There’s no way he’s ever letting this odd little specimen die, and perhaps she knows that too. He leers, showing off a mouthful of knives, and says, “That is a motherfucking shame, isn’t it? I was hoping to hear the rest.”

“Well,” she says, toying with the hem of her dress and running her hands around the edges of her odd sigil. “Perhaps if we could postpone the date of my execution, I could make some time to tell you? No guarantees, of course. I am a very busy woman.”

“Hmm.” He tilts his head, pretending to think it over. At last he shrugs.

“Well, I could live with that. Just until your motherfucking time-travelling alien friends come to pick you up, yeah?”

“Of course,” she says with a small secret smile.

“Sir?” interjects his confused subordinate. “The prisoners-”

“Fuck the prisoners,” he snarls. “I’ll take care of them in a minute.”

He turns his attention back to Rose, softening his expression. “I’ve just got one more question for you, little lady.” He wants to run his hand along her cheek and up into her hair, feel the softness of her pale skin and scrape his claws along the bare scalp where her horns should be. It’s only the fact that there’s a room full of eyes watching him that keeps him still. Instead, he leans in, so close his breath ghosts along her rounded ear, and whispers, “The boy in your story, the grey-text one. Why does he keep his blood color a secret?”

Rose leans back into his touch and carefully fits her mouth to his own ear.

“Well,” she whispers back, “This was supposed to be a shocking plot twist, but I suppose I can tell you early if you insist.” She pauses, letting the tension he feels build, making him wonder if she’s talking about what he suspect she is. What he hopes she is.
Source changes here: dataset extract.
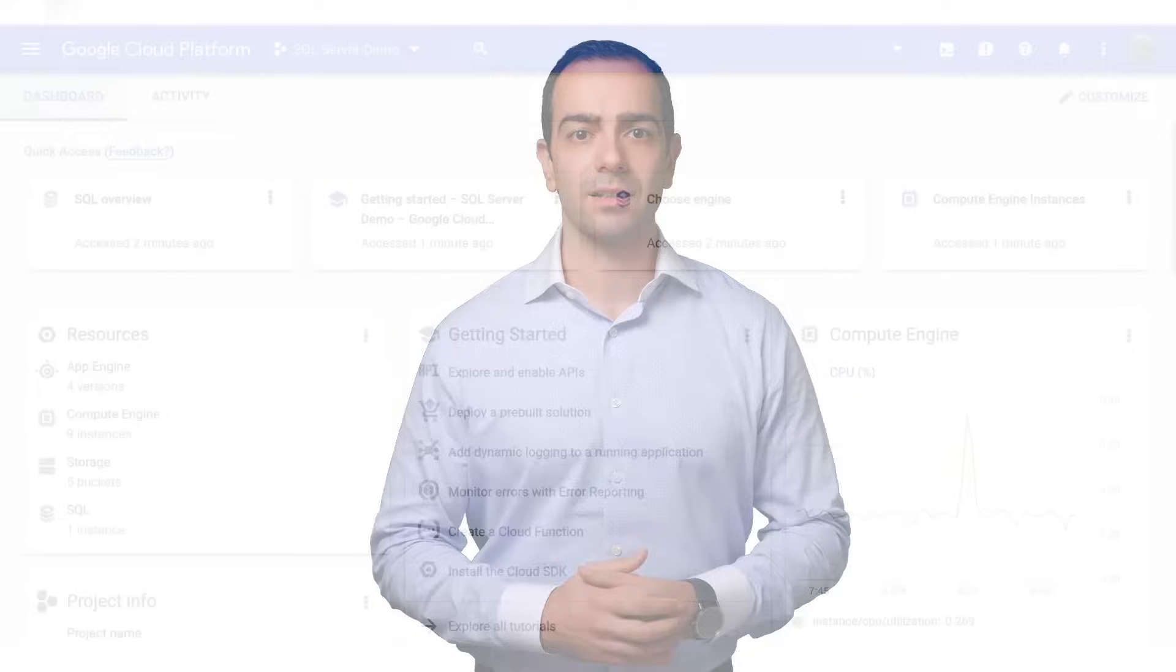Cloud SQL helps manage mundane administrative tasks for MySQL, Postgres, and Microsoft SQL Server databases so you can focus on what matters. Let's walk through how to create a SQL Server database on Cloud SQL and connect to it from SQL Server Management Studio. You can set up an instance in just a few steps. Let's go through the basics, and I'll point out some options for additional configuration along the way.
“Karat,” she murmurs, “Is a mutant with bright candy red blood.”

Oh.

Yes.

He was right. He was right all along, and this girl is a genius. He stand up and laughs, great shaking howls that leave him nearly doubled over in the center of the room, a hundred frightened (and one amused) pairs of eyes staring at him.

Judging from her eloquence, she’s probably told this story before ten, twenty times, and nobody ever caught on. (They couldn’t have, or she’d be long, long dead already.) Hundreds and hundreds of sweeps ago, the Empress forbade any reference to the Sufferer by pain of death, and yet this girl is sitting here, subverting the Alternian government through a fairy tale. It’s a giant middle claw right in the Empress’s face, and nobody ever caught on to it.
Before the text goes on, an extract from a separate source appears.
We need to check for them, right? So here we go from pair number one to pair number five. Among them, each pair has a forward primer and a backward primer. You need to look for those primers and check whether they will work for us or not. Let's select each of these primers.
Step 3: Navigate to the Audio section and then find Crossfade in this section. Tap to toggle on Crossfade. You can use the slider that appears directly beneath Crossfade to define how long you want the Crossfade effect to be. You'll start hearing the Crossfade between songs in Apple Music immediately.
Rose may have misshapen teeth, missing horns and lusus-white skin, but she is brilliant and he’s the only one who knows it.

“Hey,” he barks, snapping his fingers at his subordinate.

The woman jumps to attention, fear reflected in her wide yellow eyes.

“Forget helping me with the prisoners tonight. I’ll take care of it myself. Instead, I want you to take this little motherfucker-” he points down at Rose, “-Up to my respiteblock. Make sure she doesn’t escape. Got it?”

“Huh?”

 _“Got it?” ___

“Um, yes! Of course, sir!”

He unchains his prisoners, slapping them around a little and messing with their heads. But tonight his mind isn’t on the colors his wall will turn or they way his fodder will scream. Instead, it’s on a little mutant with a bone-white sigil sitting up in his respiteblock.

The Grand Highblood is eager to hear the rest of her story.

**Author's Note:**

> I've finally gotten over my embarrassment about writing such a ridiculous pairing and decided to post this on AO3. I'm on Team Alchemiter for HSO, and the cliche I worked with was "love at first sight." This didn't end up being the submission my team sent in, but I really enjoyed writing it nonetheless!